Army Wants a Non-Satellite Radio That Works Over Mountains and Fits in a Backpack

A soldier provides security from a hilltop during a patrol in Paktia province in August.

A soldier provides security from a hilltop during a patrol in Paktia province in August. Defense Department

The service is pushing the laws of physics, some observers say.

The Army wants to develop a long range broadband backpack radio based on technology the service first used in Vietnam. But back then, the radios required antennas the size of billboards to augment expensive commercial satellite communications.

The Army Communications Electronics Research and Development Engineering Center, Space & Terrestrial Communications Directorate, seeks industry input on the development of a backpack radio that uses tropospheric scatter (also  called troposcatter) communications, which bounce signals off the troposphere with a range as far as 600 miles, thereby overcoming the line-of-sight range of tactical FM radios.

The use of troposcatter radios for long range communications on the battlefield would help whittle down the Pentagon’s commercial satellite bill. The Defense Science Board reported on June 20 that Defense pays roughly $640 million a year for commercial satellite service, a tab expected to grow to between $3 billion and $5 billion over the next 15 years.
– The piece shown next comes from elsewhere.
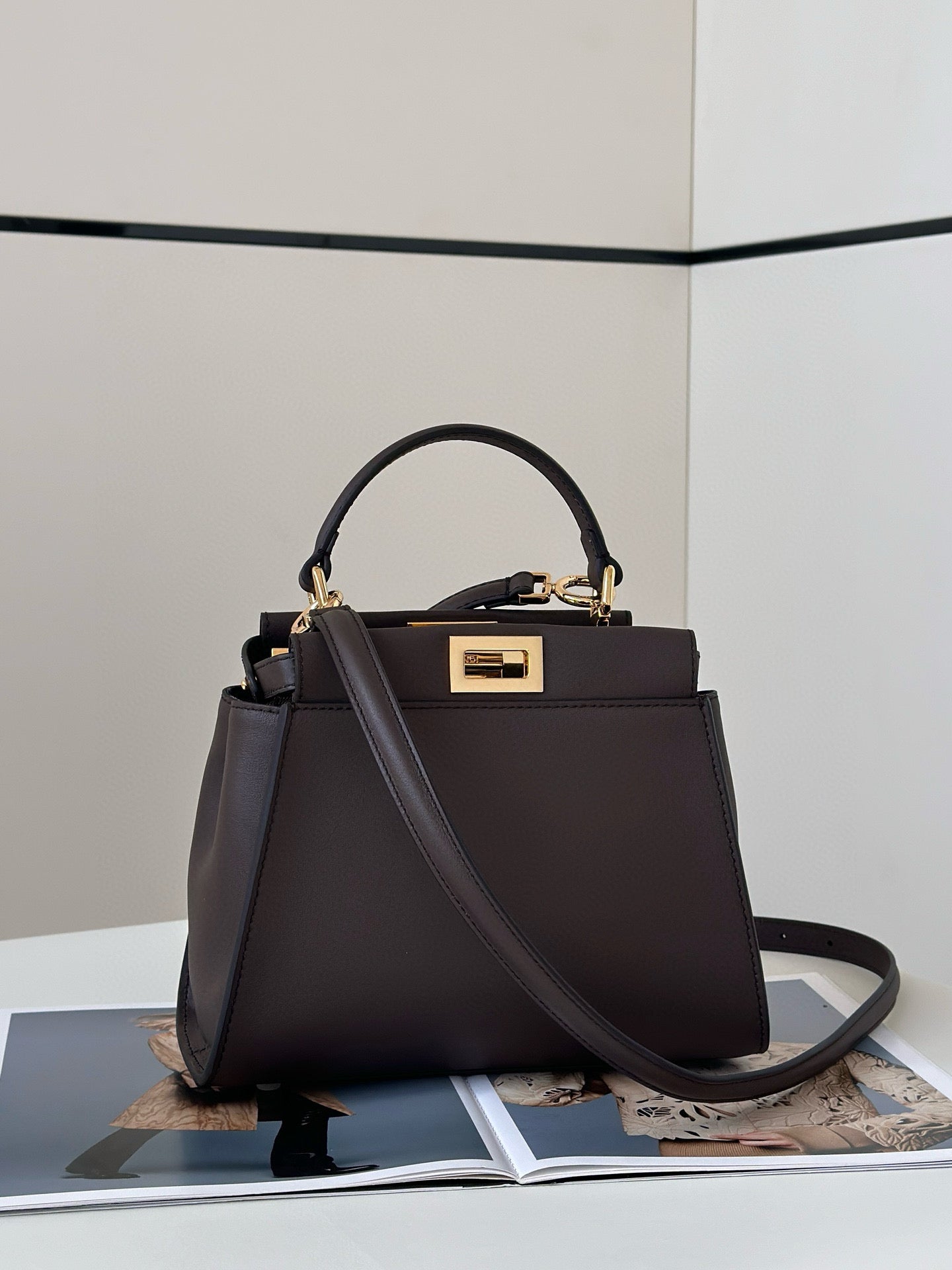 Fendi Peekaboo Bag (23x12x19 cm)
The Army used tropsoscatter as the backbone of its countrywide “Backporch” communications system fielded in Vietnam in the 1960s under the direction of signal officer Emmett Paige Jr., who went on to serve as Assistant Secretary of Defense for Command, Control, Communications, and Intelligence from 1993 to 1997. The system required high-gain billboard-sized antennas in Vietnam, as propagation losses from troposcatter communications are very high; only about one billion-billionth of the transmit power is available at the receiver.

The Army and Air Force both fielded extensive troposcatter systems for fixed communications in the first Iraq War in 1990-1991, but after that, the system fell out of favor as all the military services embraced satellite communications. Now the Army once again wants to tap into the technology to support both fixed and on-the-move communications.

But some are skeptical. Mark Yamamoto, director of government marketing for troposcatter equipment manufacture Comtech Systems who first started working with the technology in the Air Force in 1978, said the Army is pushing the laws of physics in trying to stuff a troposcatter system into a backpack radio. The plan “won’t work,” he said.

Retired Air Force Brig. Gen. Bernie Skoch, a defense industry consultant with extensive communications experience, said new digital signal processing technology and computer based radios could help shrink the size of troposcatter radios.

Yamamoto said Cromlech has developed a transportable version of its AN/TRC-170 troposcatter system with a small, 2-meter antenna that fits into five transit cases. The total weight is about 800 pounds. That’s about as small as it can get, Yamamoto said. This transportable unit has a range of 100 miles and can transmit data at the rate of 16 mbps, much faster than tactical satellite radio systems.

The Army uses this system in Afghanistan today, Yamamoto said, to communicate with forward units masked by mountains or ridge lines, which inhibit line-of-sight communications. The Army said this troposcatter system is expected to decrease the reliance on military and commercial satellites, which can be expensive “and cause latency issues that for some units, such as Patriot [missile] batteries, cannot be tolerated.”

Troposcatter systems definitely offer a cost savings compared to the cost of satellite air time, Yamamoto said. The transportable AN/TRC-170 costs about $500,000. Cromlech compares its costs to a three node satellite link planned for the Middle East and said the troop gear “paid for itself in about six months” worth of satellite time.